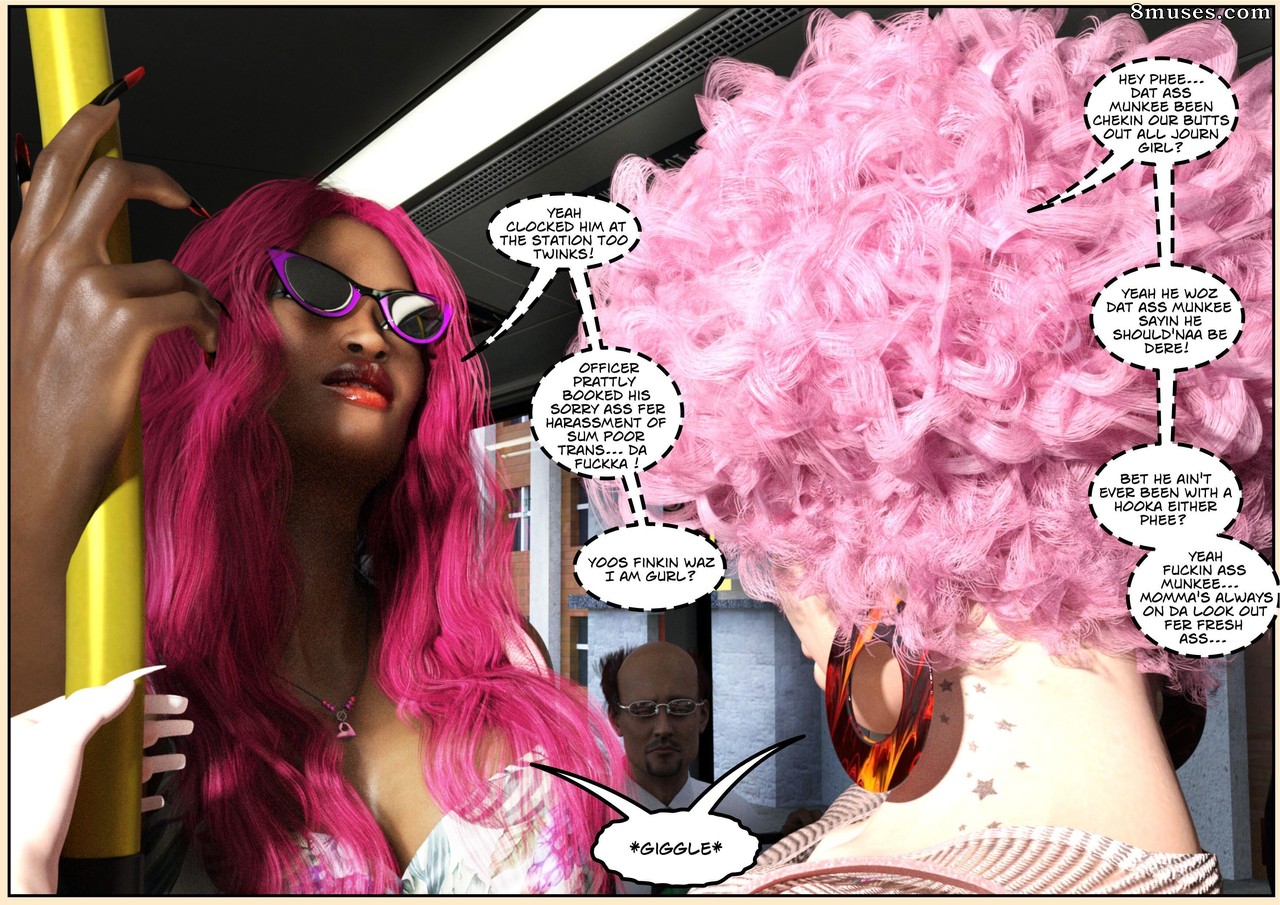 Alphas Betas - Issue 2 - Page 8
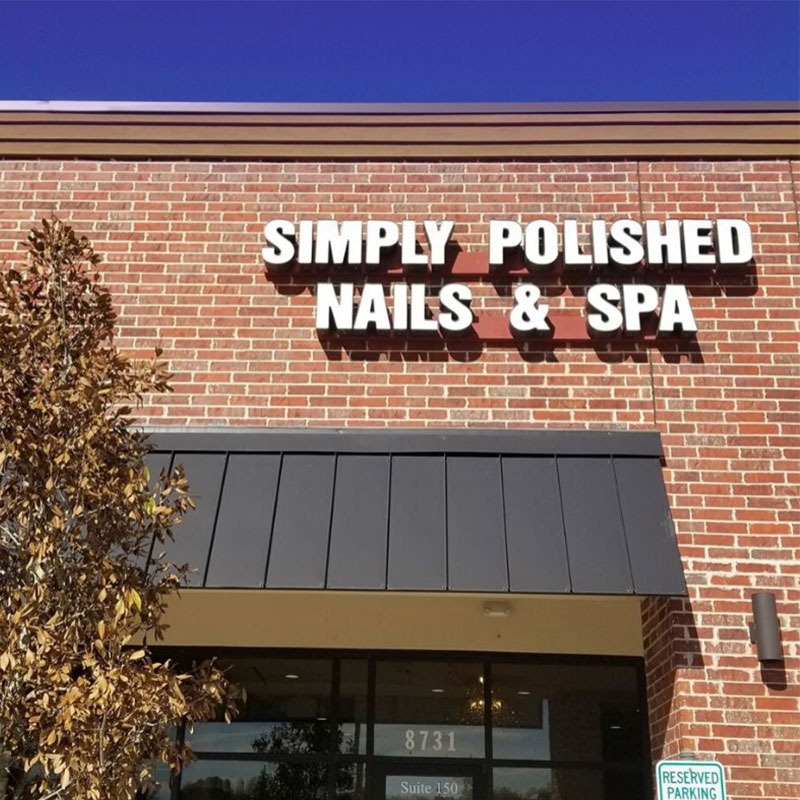 Simply Polished Nails & Spa in Missouri City, TX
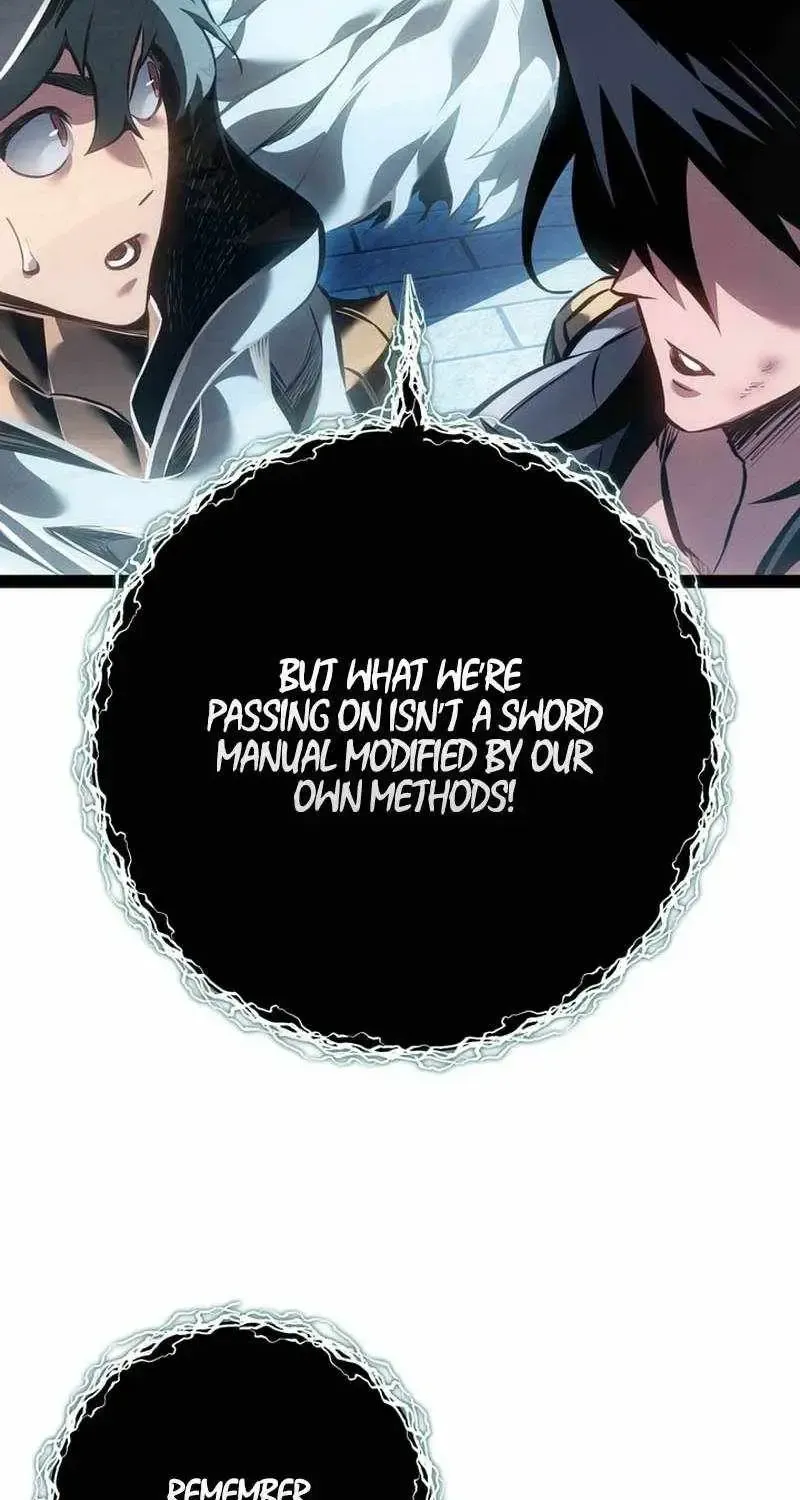 The Bastard of Swordborne Chapter 100 page 46 - 
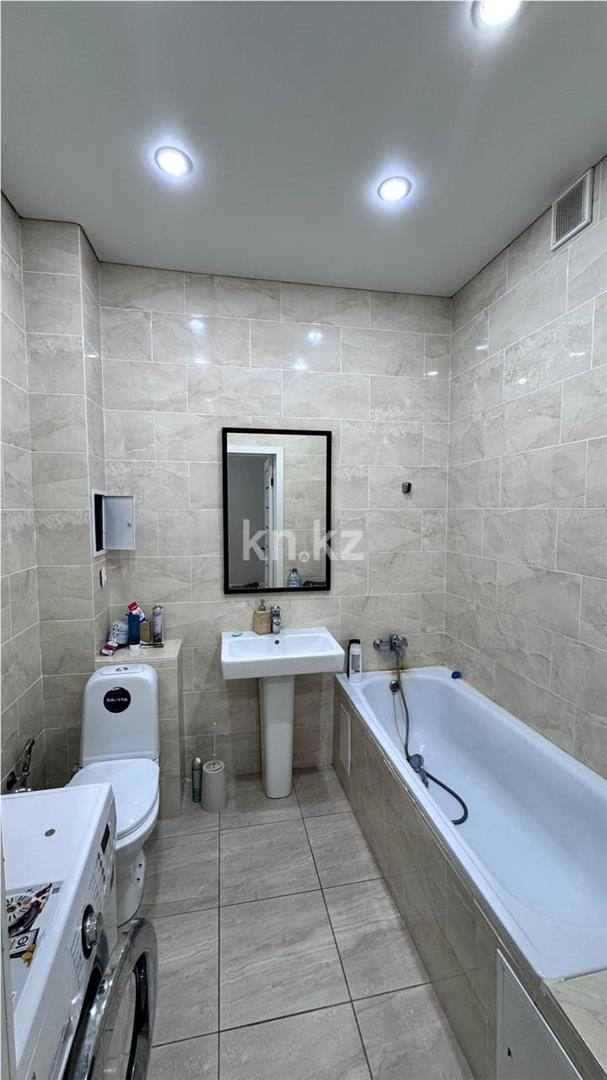 Продажа 1-комнатной квартиры, 48 м² - Продажа однокомнатных квартир в кирпичном доме в Караганде фото 9 из 11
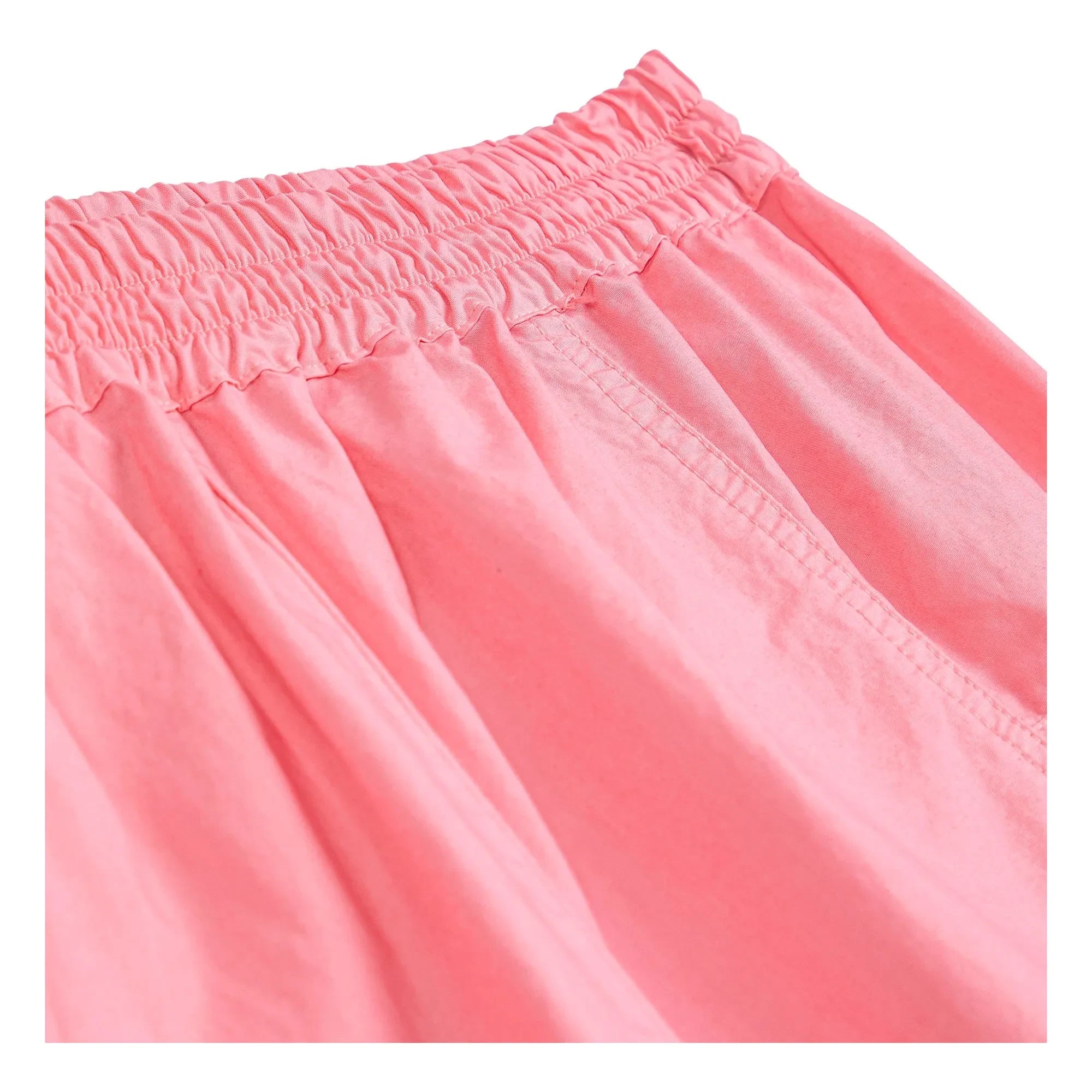 Bobo Choses - Paper Touch Bio-Baumwollhose | Rosa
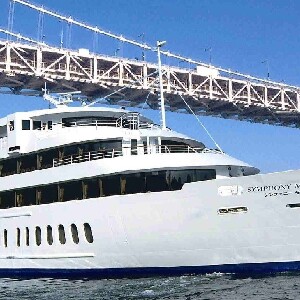 東京灣交響樂號午餐遊船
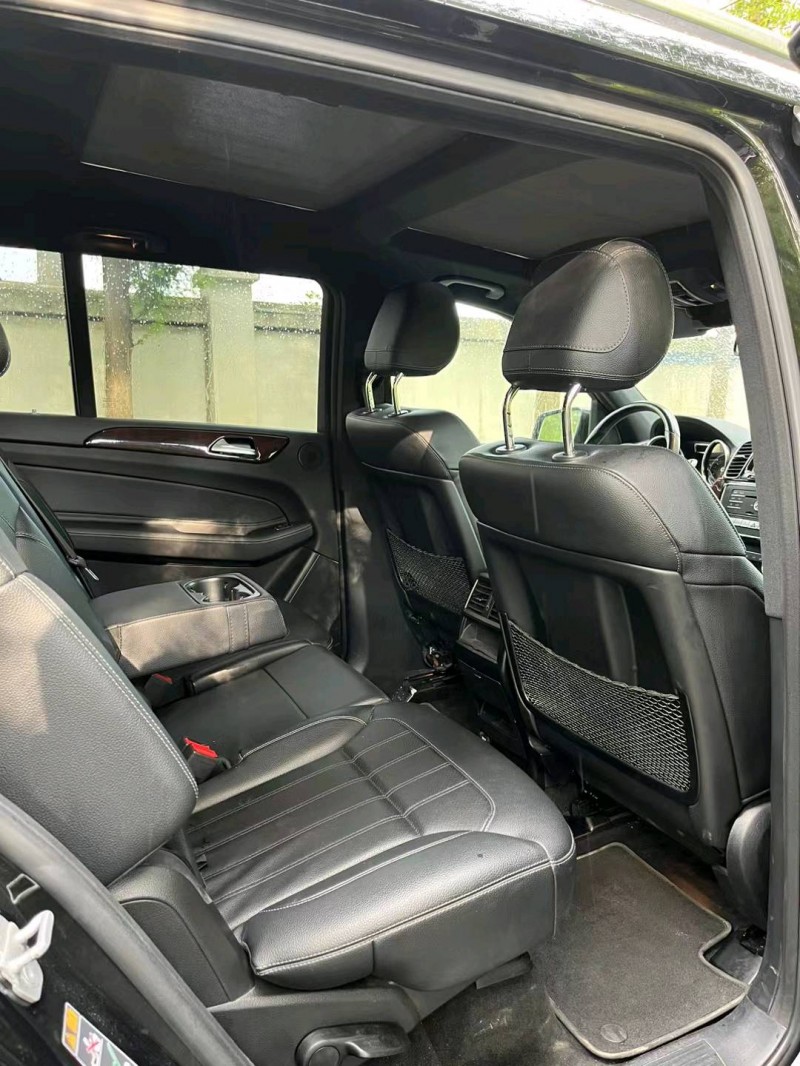 徐州18年奔驰GLS4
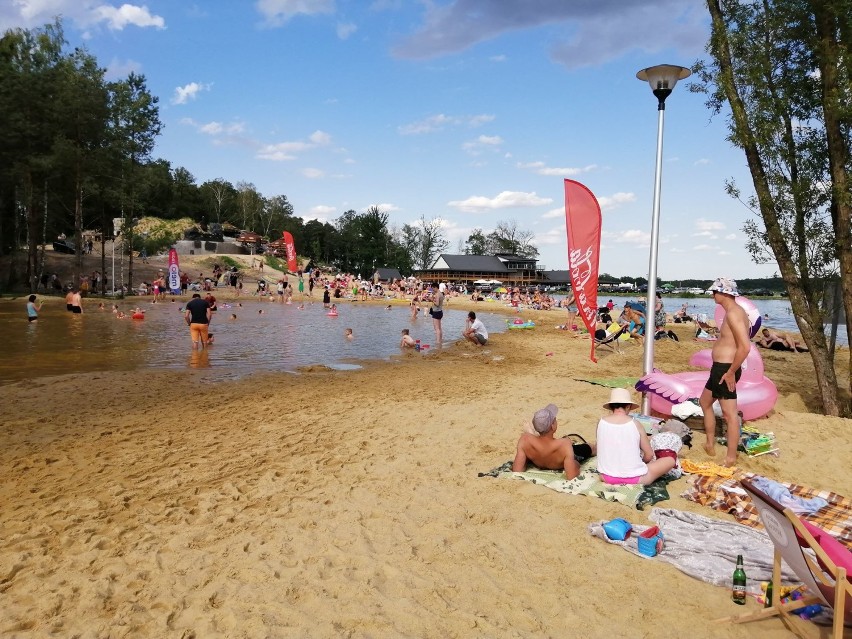 Rybakówka "Święty spokój" w Żerominie. To tylko niecałe pół...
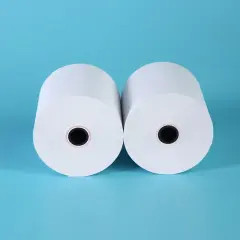 100x40m Termal Rulo, Trafik İşlemleri Rulosu (Tsc Alpha-4L Mobil Barkod Yazıcı Rulosu) 100*40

=-=-=

Without any pictures, reproduce the lines from the first one in the material through the line that has "徐州18年奔驰GLS4", exactly as they appear.

 Alphas Betas - Issue 2 - Page 8
 Simply Polished Nails & Spa in Missouri City, TX
 The Bastard of Swordborne Chapter 100 page 46 - 
 Продажа 1-комнатной квартиры, 48 м² - Продажа однокомнатных квартир в кирпичном доме в Караганде фото 9 из 11
 Bobo Choses - Paper Touch Bio-Baumwollhose | Rosa
 東京灣交響樂號午餐遊船
 徐州18年奔驰GLS4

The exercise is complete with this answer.